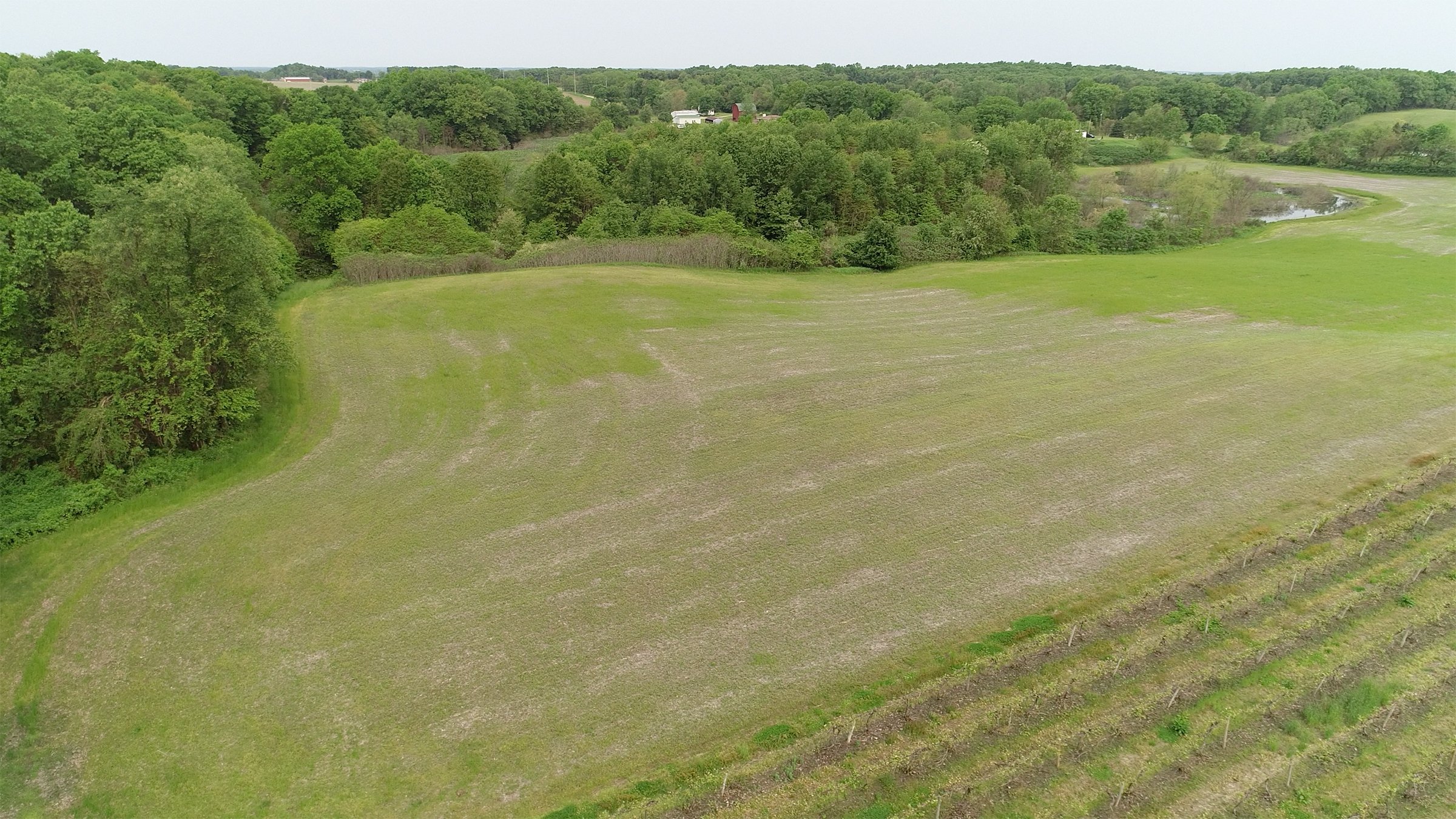 Van Buren County, Michigan farmland - LAND AUCTION - 194+/- ACRES OFFERED IN 5 TRACTS IN VAN BUREN COUNTY, MICHIGAN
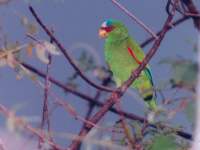 Amazona albifrons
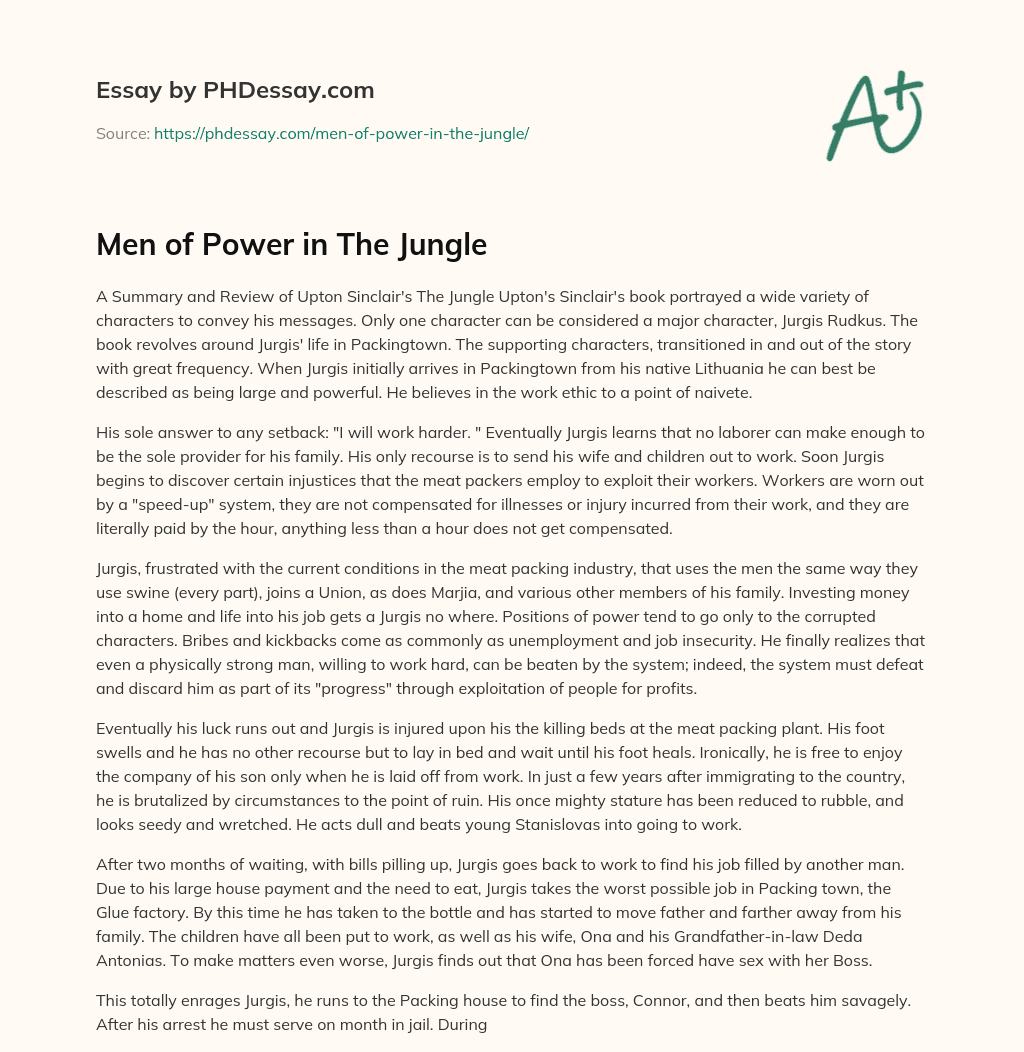Men of Power in The Jungle essay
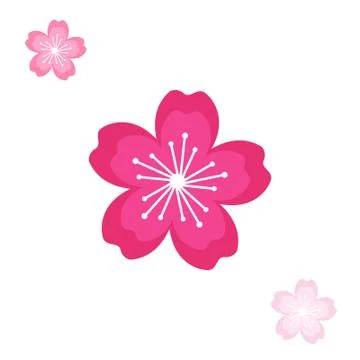 Cherry blossom / sakura vector illustration Stock Illustration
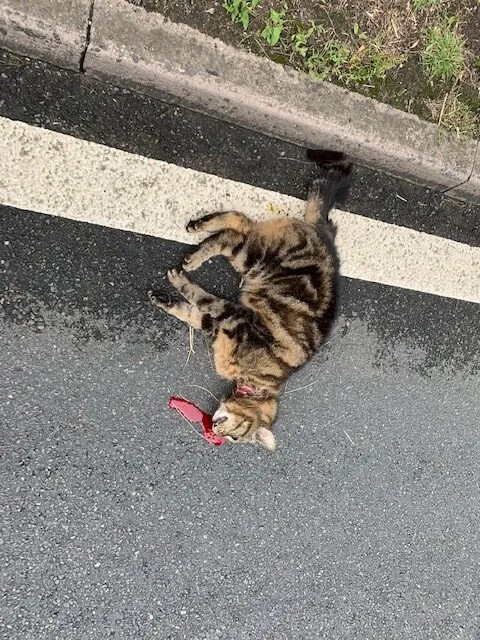 Snared cat hit by van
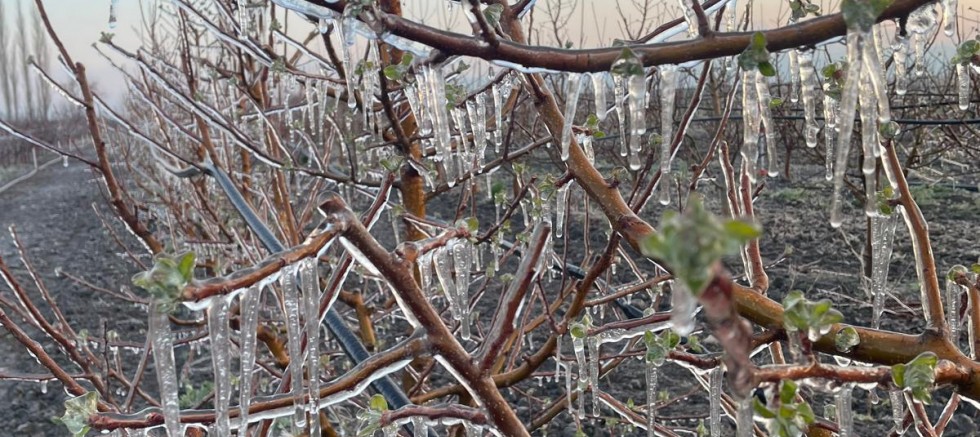 3 İlçede Üreticiler Zirai Dona Karşı Sprinkler Sistemiyle Önlem Aldı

**Work to be completed**
Leave out the pictures and return every record word for word.

**Response to the task**
 Van Buren County, Michigan farmland - LAND AUCTION - 194+/- ACRES OFFERED IN 5 TRACTS IN VAN BUREN COUNTY, MICHIGAN
 Amazona albifrons
Men of Power in The Jungle essay
 Cherry blossom / sakura vector illustration Stock Illustration
 Snared cat hit by van
 3 İlçede Üreticiler Zirai Dona Karşı Sprinkler Sistemiyle Önlem Aldı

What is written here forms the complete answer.